Only the lines from the top of the records below through the line containing "Rolex Datejust Calendario Roulette 116200 10" should be printed, exactly and without pictures.

Records from a data collection:
[Start of section]

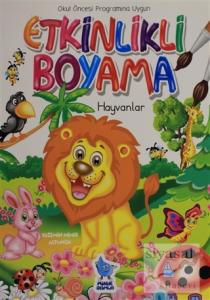 Etkinlikli Boyama - Hayvanlar
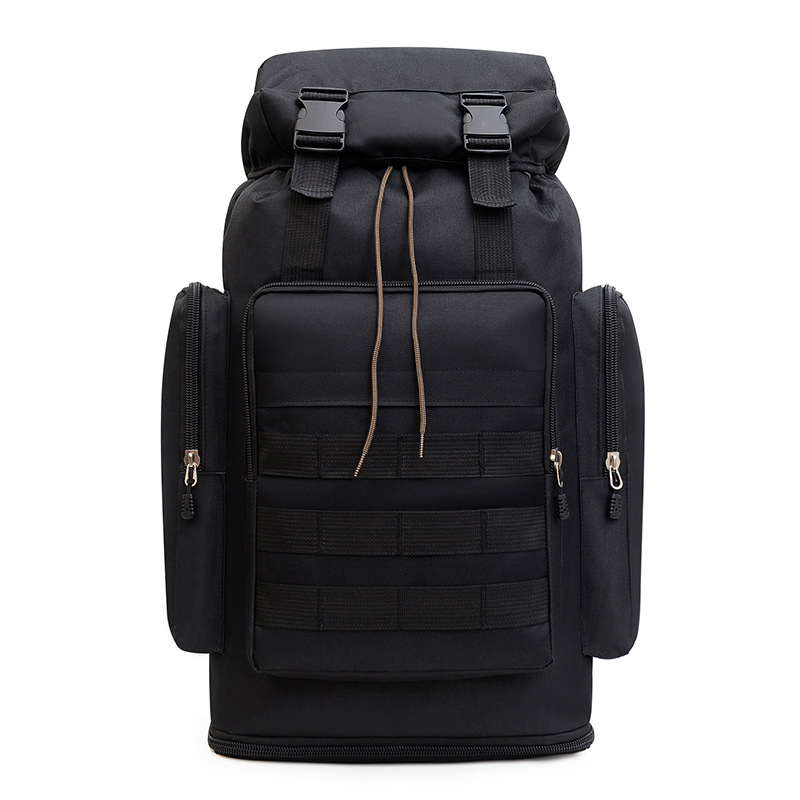 70L bolsa de montañismo de camuflaje impermeable de gran capacidad mochila táctica de ocio deportes al aire libre senderismo mochila
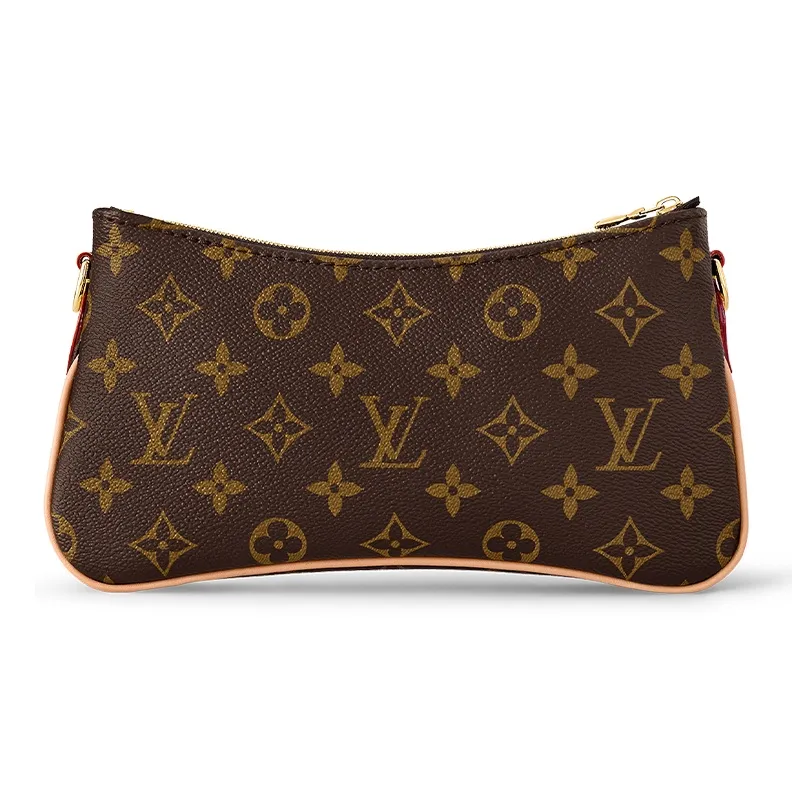 LOUIS VUITTON Liv Pochette Monogram-2
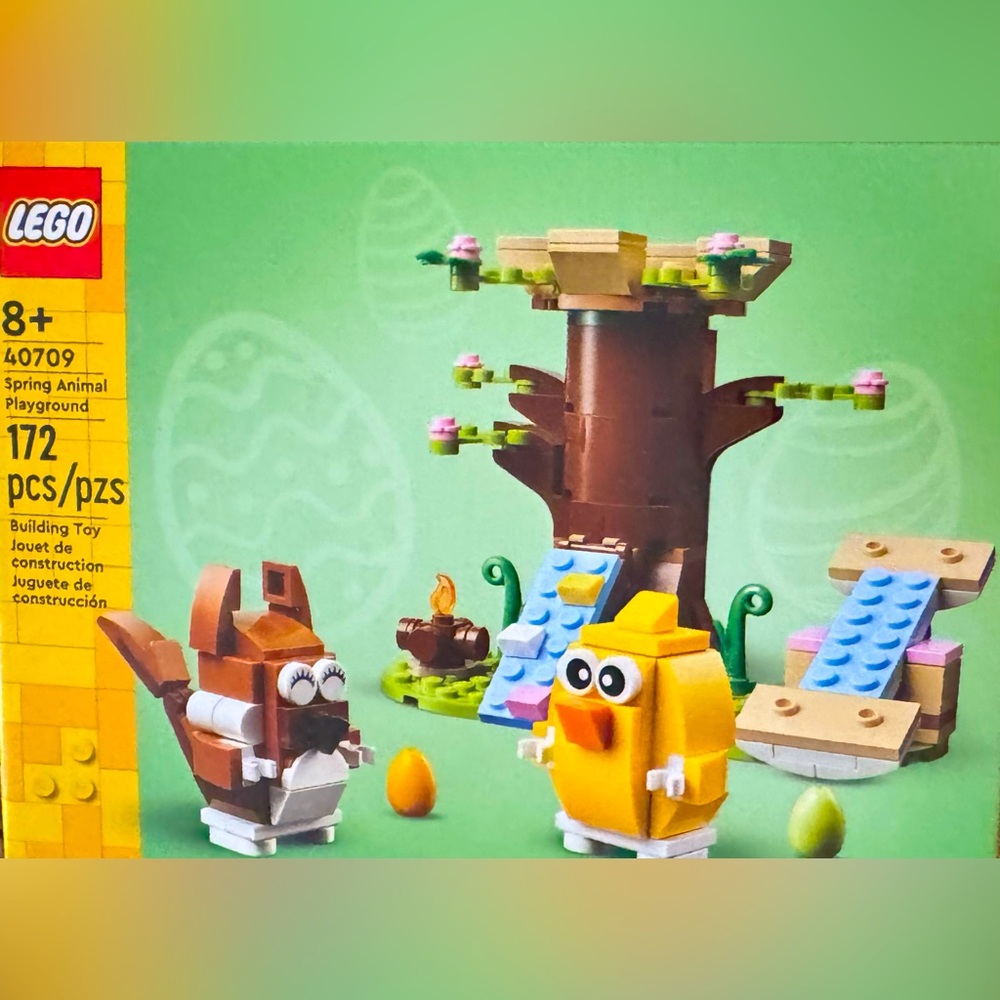 Brand new &  unopened Spring Lego set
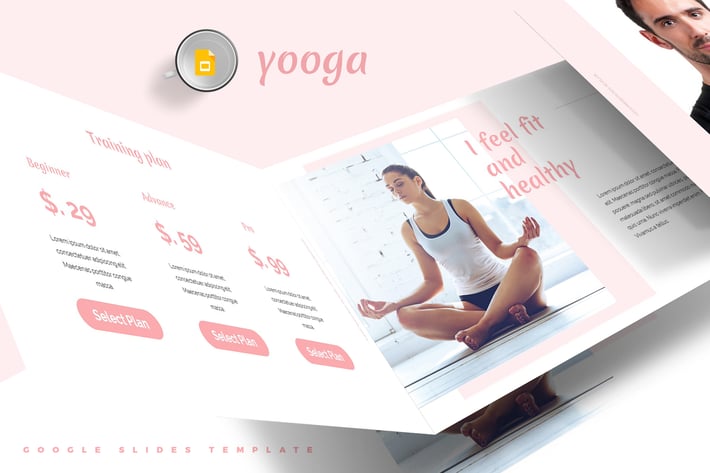 Yooga Google Slides Templates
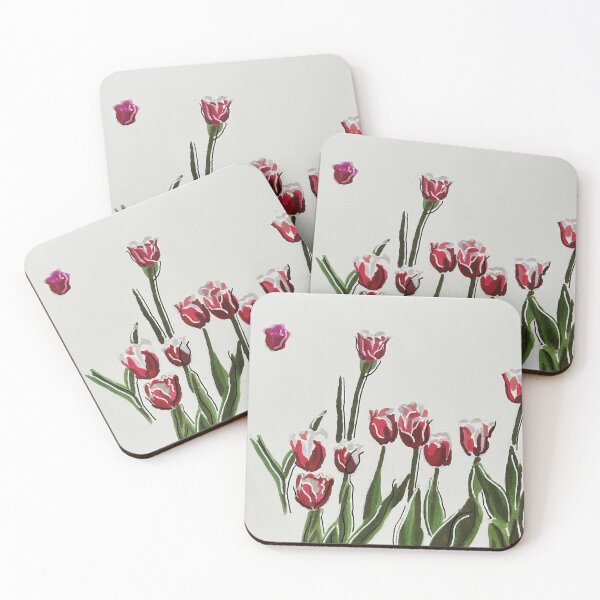 Item preview, Tulips designed and sold by Watershadow.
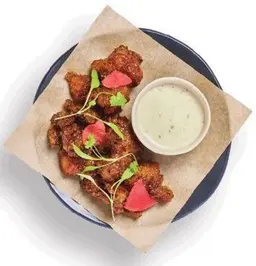 Hot Honey Fried Chicken | Teriyaki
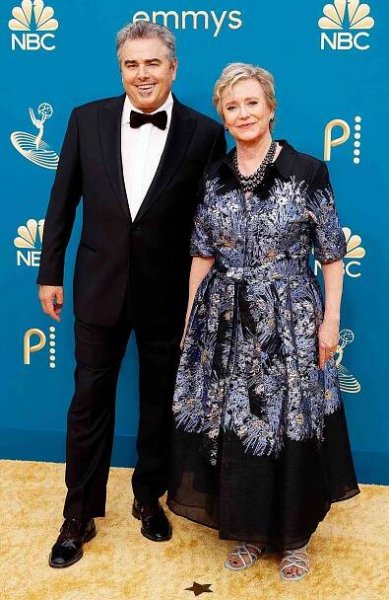 Brady Bunch Reunion! Christopher Knight and Eve Plumb Reunite at the 2022 Emmys
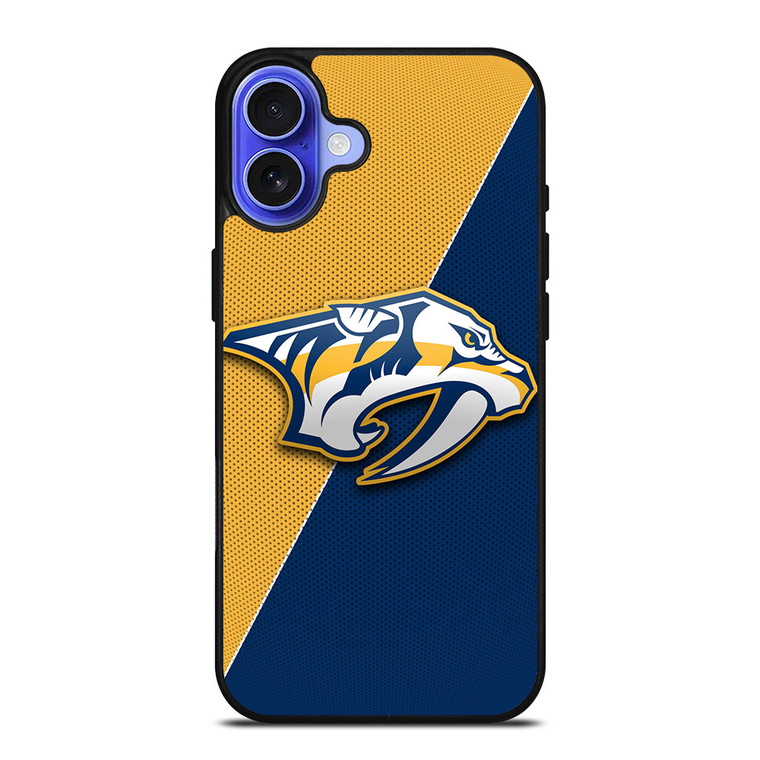 NASHVILLE PREDATORS LOGO 4 iPhone 16 Case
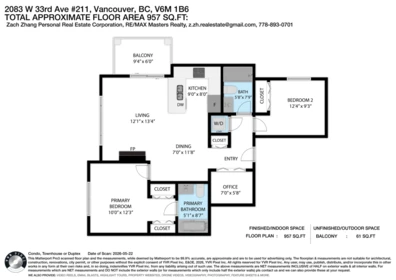 Playground / Recreational Area Near 211 2083 W 33rd Avenue, Vancouver, BC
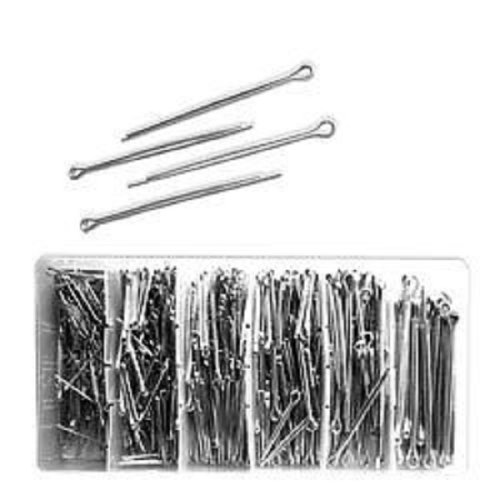 Steel Metal Cotter Key Pin Assortment Kit Set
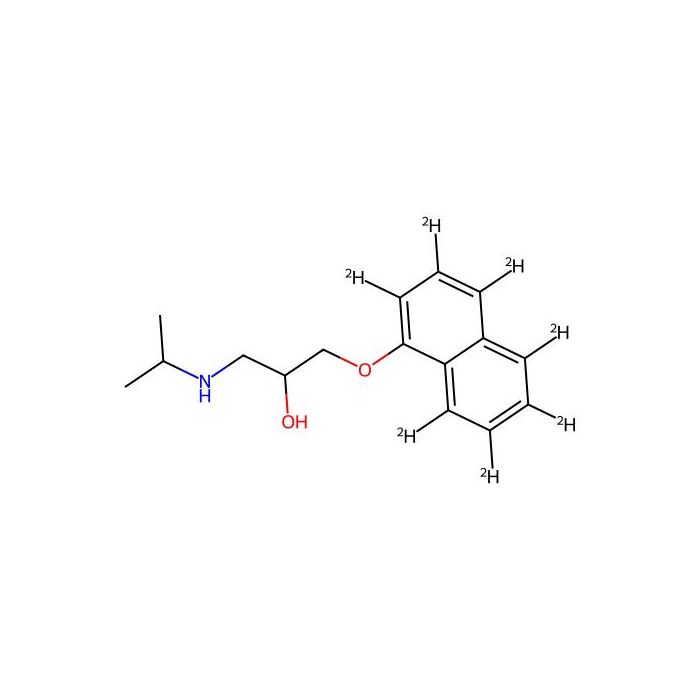 Propranolol-d7(ring-d7) - ≥99% CAS No(344298-99-3) by Aladdin Scientific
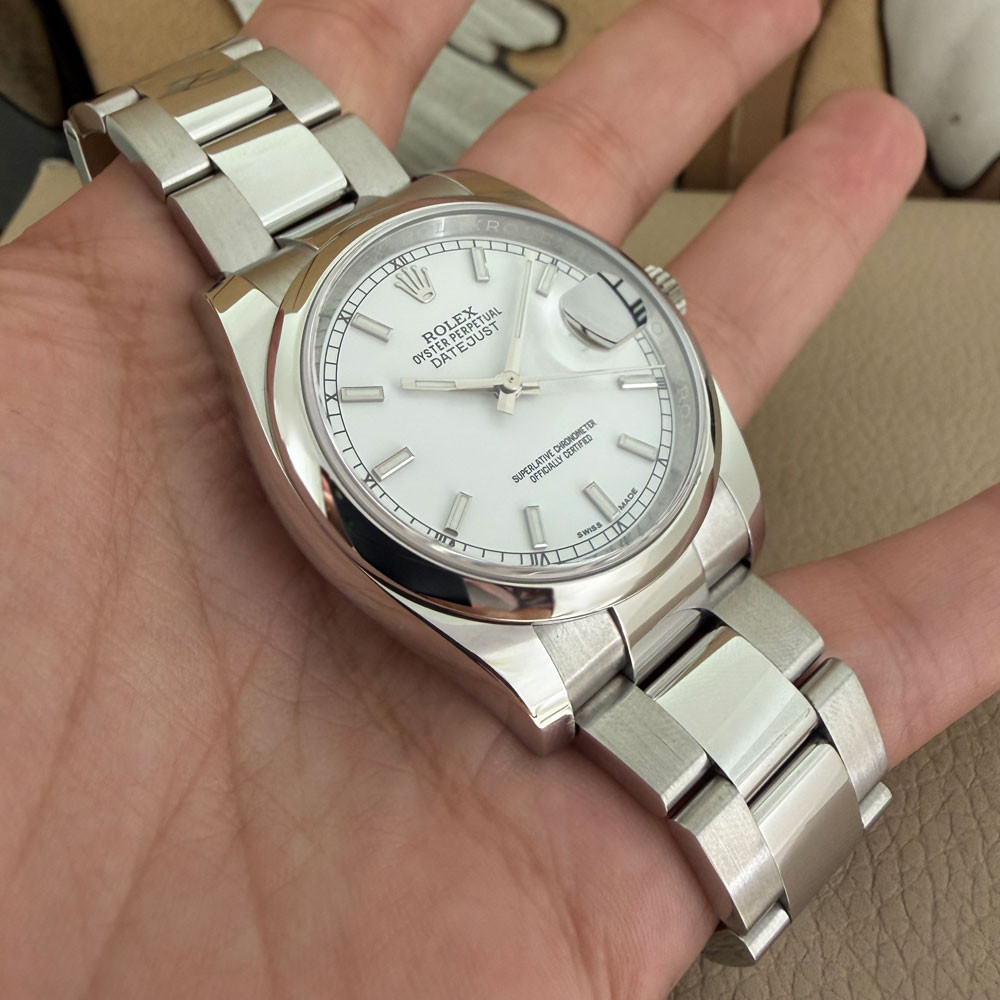 Rolex Datejust Calendario Roulette 116200 10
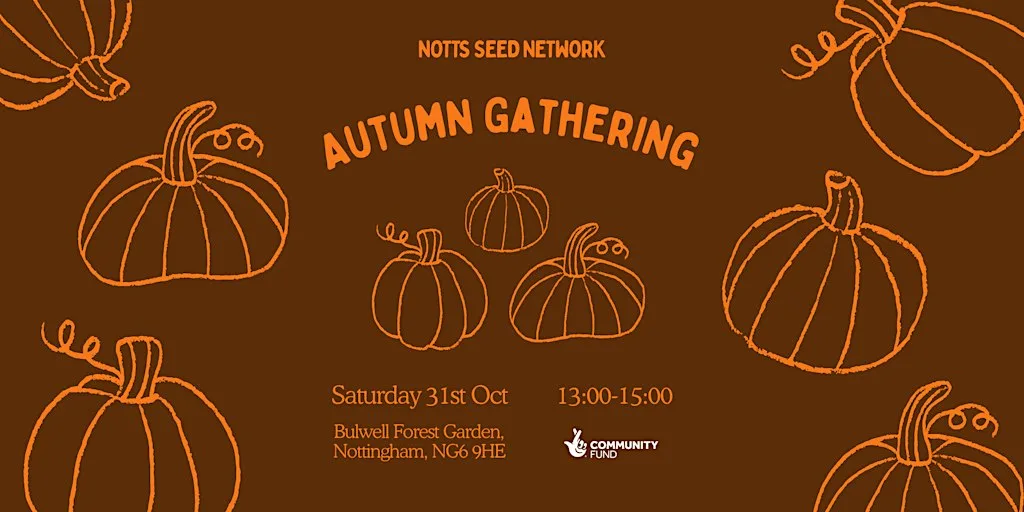 Notts Seed Network Autumn Gathering at Bulwell Forest Garden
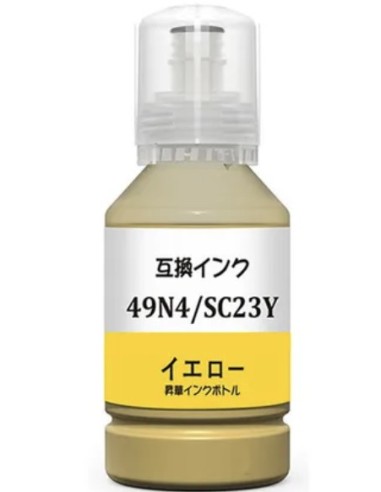 tinta Compatible Sublimación para Epson 49N4 / SC23Y AMARILLO SureColor SC-F100, SC-F500, SC-F501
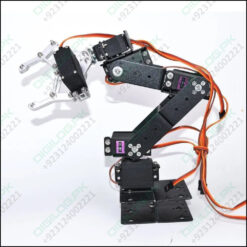 Robotic Arm Robot Chassis 6 Dof 3d Rotating Metal Mechanical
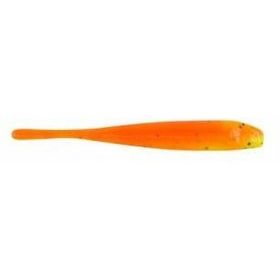 Приманка Berkley малек Powerbait Twitchtail Minnow 7.5cm Chartreuse Orange 15шт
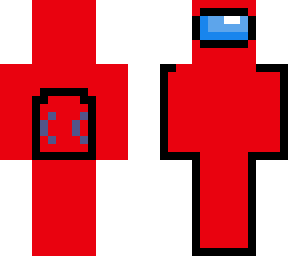 red among us character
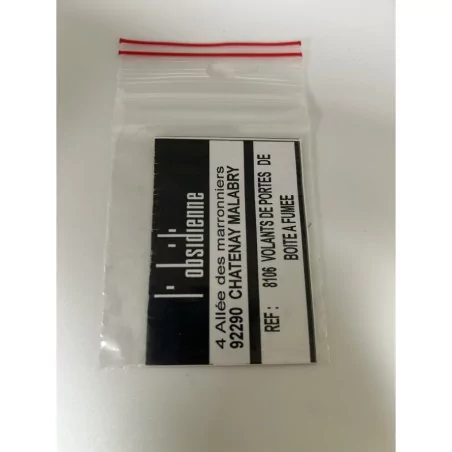 5 Volants de Boite a Fumee avec Charnieres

[End of section]

■ Answer space
 Etkinlikli Boyama - Hayvanlar
 70L bolsa de montañismo de camuflaje impermeable de gran capacidad mochila táctica de ocio deportes al aire libre senderismo mochila
 LOUIS VUITTON Liv Pochette Monogram-2
 Brand new &  unopened Spring Lego set
 Yooga Google Slides Templates
 Item preview, Tulips designed and sold by Watershadow.
 Hot Honey Fried Chicken | Teriyaki
 Brady Bunch Reunion! Christopher Knight and Eve Plumb Reunite at the 2022 Emmys
 NASHVILLE PREDATORS LOGO 4 iPhone 16 Case
 Playground / Recreational Area Near 211 2083 W 33rd Avenue, Vancouver, BC
 Steel Metal Cotter Key Pin Assortment Kit Set
 Propranolol-d7(ring-d7) - ≥99% CAS No(344298-99-3) by Aladdin Scientific
 Rolex Datejust Calendario Roulette 116200 10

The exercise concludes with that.